Task: For the copy, please give all of the data again exactly and leave the pictures out.

(Excerpts from a dataset)

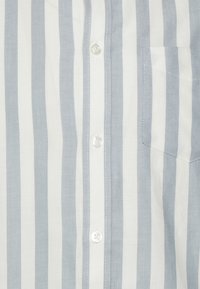 Camicia leggera con bottoni, caratterizzata da righe verticali blu e bianche. Il tessuto presenta una finitura liscia, con una tasca sul petto e bottoni perla.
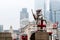 A dragon sculpture with the Coat of Arms of the City of London at the London Bridge. Blurred skyscrapers and red double decker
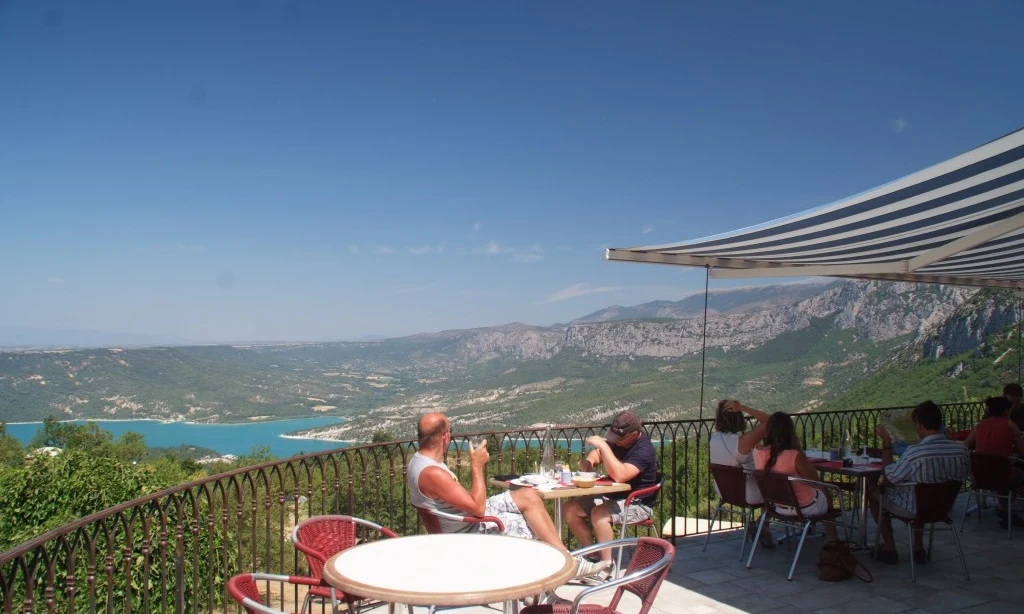 People dining on a terrace with a mountainous landscape and blue lake in the background at de l'Aigle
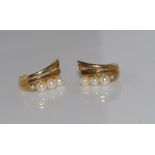 Delicate 9ct gold, pearl and diamond earrings weight: approx 2.3 grams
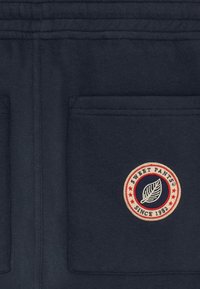 Pantalons de survêtement bleu marine avec deux poches au dos. Présente un logo rond avec une feuille et "SWEET PANTS® SINCE 1982" en accents crème et rouge.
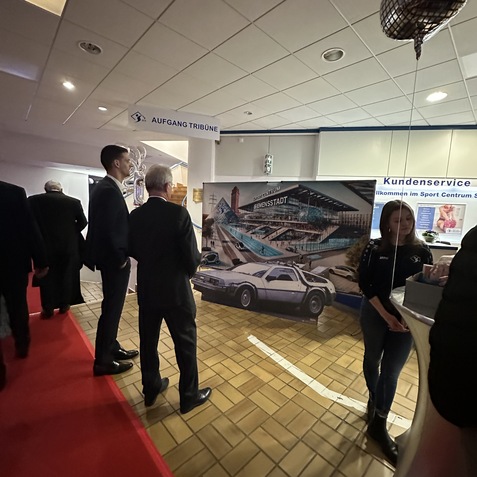 Menschen stehen an einem Informationsstand in einer Veranstaltungshalle, im Hintergrund ein Banner mit einem Sportzentrum.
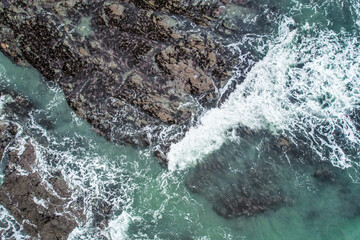 Obraz premium Aerial, Winter’s crashing tidal waves at Down Derry in Cornwall UK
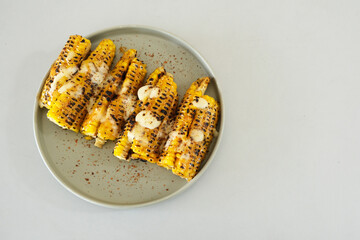Roasted corn with barbecue sauce and mozzarella cheese
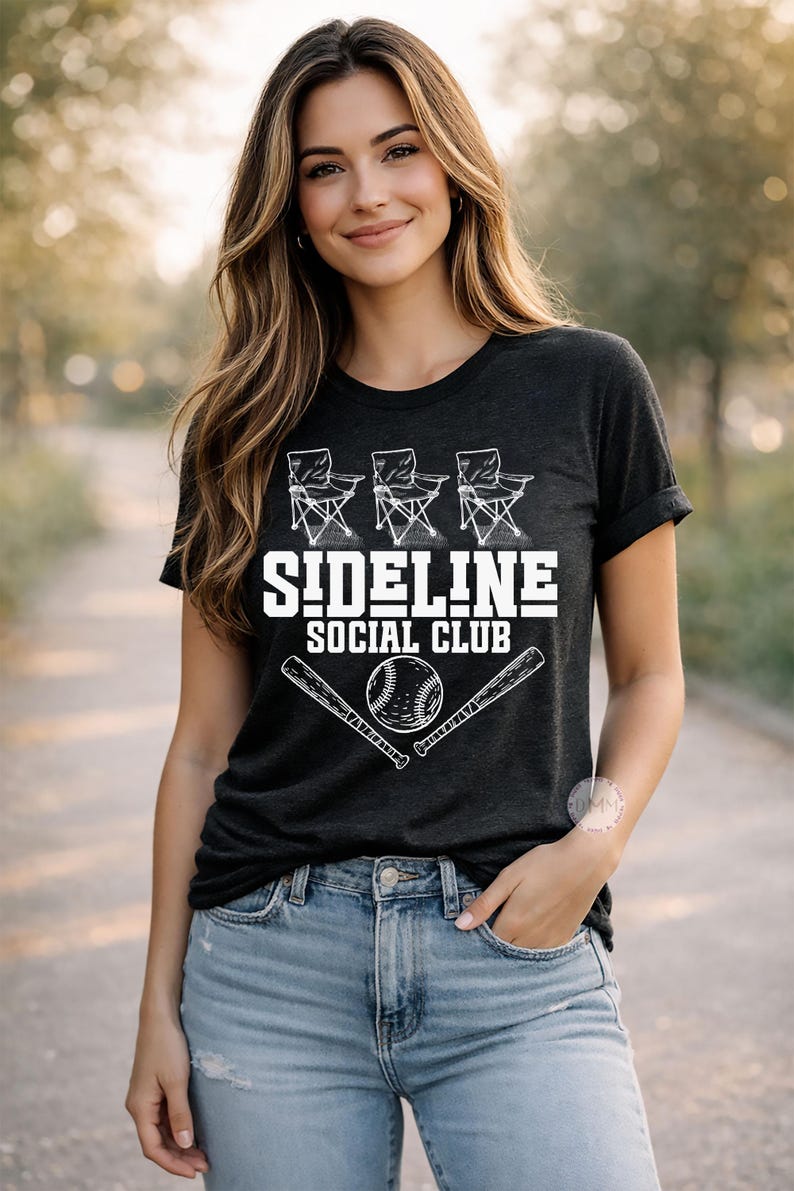 Op de afbeelding: Donkergrijs t-shirt met de witte tekst "SIDELINE SOCIAL CLUB", vergezeld van illustraties van klapstoelen, een honkbal en knuppels. De persoon draagt een blauwe spijkerbroek.
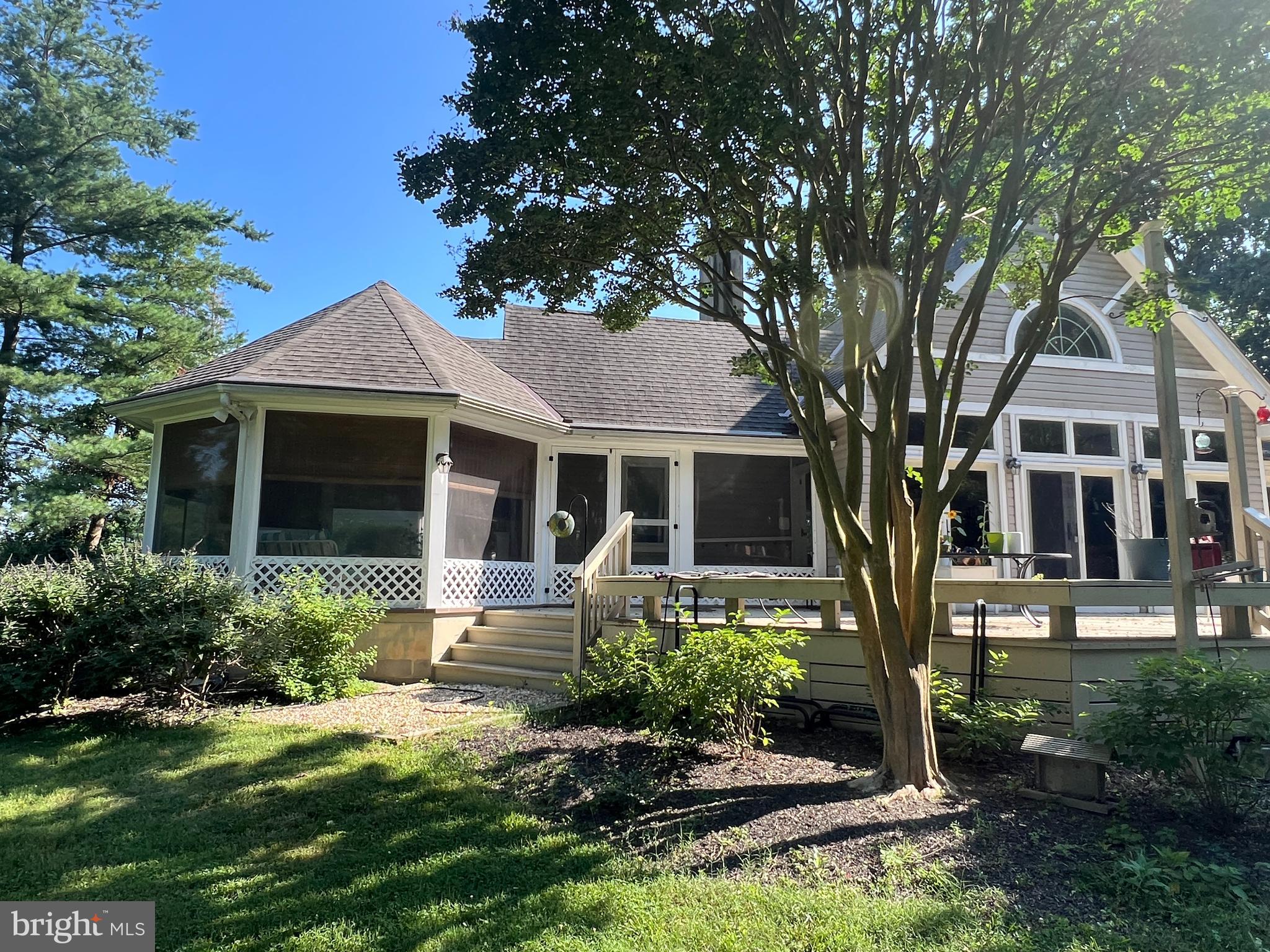 28701 Edgemere Road Easton, MD 21601 - Photo 31 of 39 a front view of a house with a yard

Your solution:
 Camicia leggera con bottoni, caratterizzata da righe verticali blu e bianche. Il tessuto presenta una finitura liscia, con una tasca sul petto e bottoni perla.
 A dragon sculpture with the Coat of Arms of the City of London at the London Bridge. Blurred skyscrapers and red double decker
 People dining on a terrace with a mountainous landscape and blue lake in the background at de l'Aigle
 Delicate 9ct gold, pearl and diamond earrings weight: approx 2.3 grams
 Pantalons de survêtement bleu marine avec deux poches au dos. Présente un logo rond avec une feuille et "SWEET PANTS® SINCE 1982" en accents crème et rouge.
 Menschen stehen an einem Informationsstand in einer Veranstaltungshalle, im Hintergrund ein Banner mit einem Sportzentrum.
 Obraz premium Aerial, Winter’s crashing tidal waves at Down Derry in Cornwall UK
Roasted corn with barbecue sauce and mozzarella cheese
 Op de afbeelding: Donkergrijs t-shirt met de witte tekst "SIDELINE SOCIAL CLUB", vergezeld van illustraties van klapstoelen, een honkbal en knuppels. De persoon draagt een blauwe spijkerbroek.
 28701 Edgemere Road Easton, MD 21601 - Photo 31 of 39 a front view of a house with a yard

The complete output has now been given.